Friday, September 30, 2011

Thought on a book: The Paris Wife by Paula McLain


Its just after the war, the one that was to end them all, and it begins in Chicago.  This is the life of Ernest Hemingway and his first wife, fleshed out by imagination, sympathy and affection.  It is told in the first person by the quietly passionate Hadley Richardson who is soon captivated by the young man she meets while staying with friends.  Hemingway is younger, different, electrifying; Hadley's life is instantly changed by him "tall and lean, with a lot of very dark hair, and a dimple in his left cheek you could fall into."

In a flash she is in Paris, married and swept away by the Jazz Age fervour that is everywhere in her new life.  Famous names slip through the pages like quicksilver as the couple are befriended by Gertrude Stein, (Ezra) Pound, F Scott Fitzgerald, and Hemingway takes their advice and writes and polishes and fills his notebooks.  Hadley is described by her husband as his "small perfect cat" and she carries this nickname proudly, curling up in all sorts of small places and content to be with him.

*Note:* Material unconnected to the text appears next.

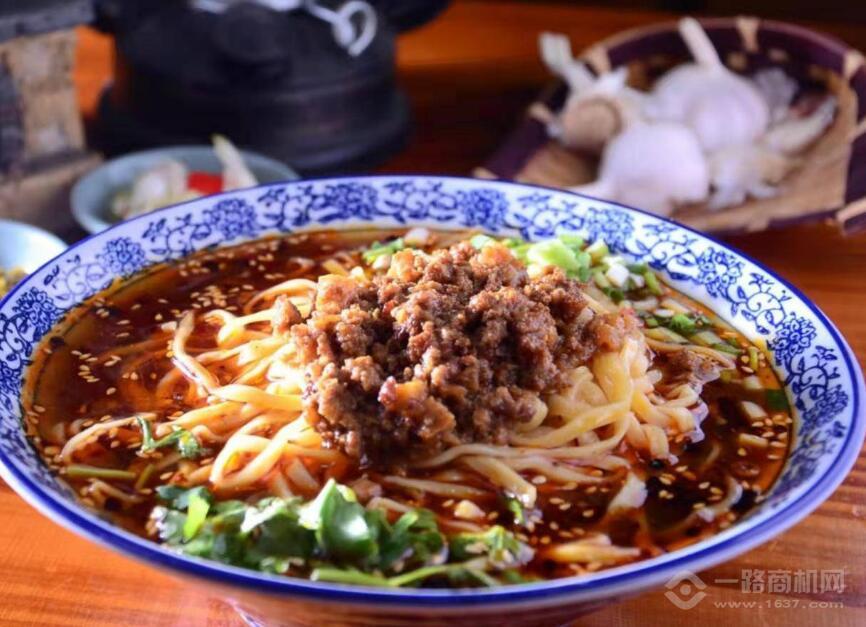 渝码头重庆小面加盟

I continued to be annoyed by Hemingway throughout the story, perhaps as a result of identifying with the storyteller as she related the joys of her marriage along with the small adjustments she constantly and happily made to avoid puncturing the bubble that sustained their life.  Despite it being a time of increasing emancipation for women, Hadley contented herself with doing whatever made Ernest happiest.  In the end, it was exactly this value that Hemingway squandered by falling for a brighter more demanding woman and the time of the First Wife was done. That he would kill himself so dramatically, wearing a red robe and standing in a pool of light,  seemed obvious from the very beginning - or is that hindsight?
I loved the descriptions of everywhere the couple and their friends went - the gardens, the bullfights, the train journeys, the apartments, the snowfields.  Cleary McLain delved deep into the Hemingway papers and painted a believable and ultimately sad picture of the brief fierce romance that was the first of four marriages for Hemingway.  At the end of the book Hadley calls herself "that impossibly lucky girl" and I'd like to know more about her.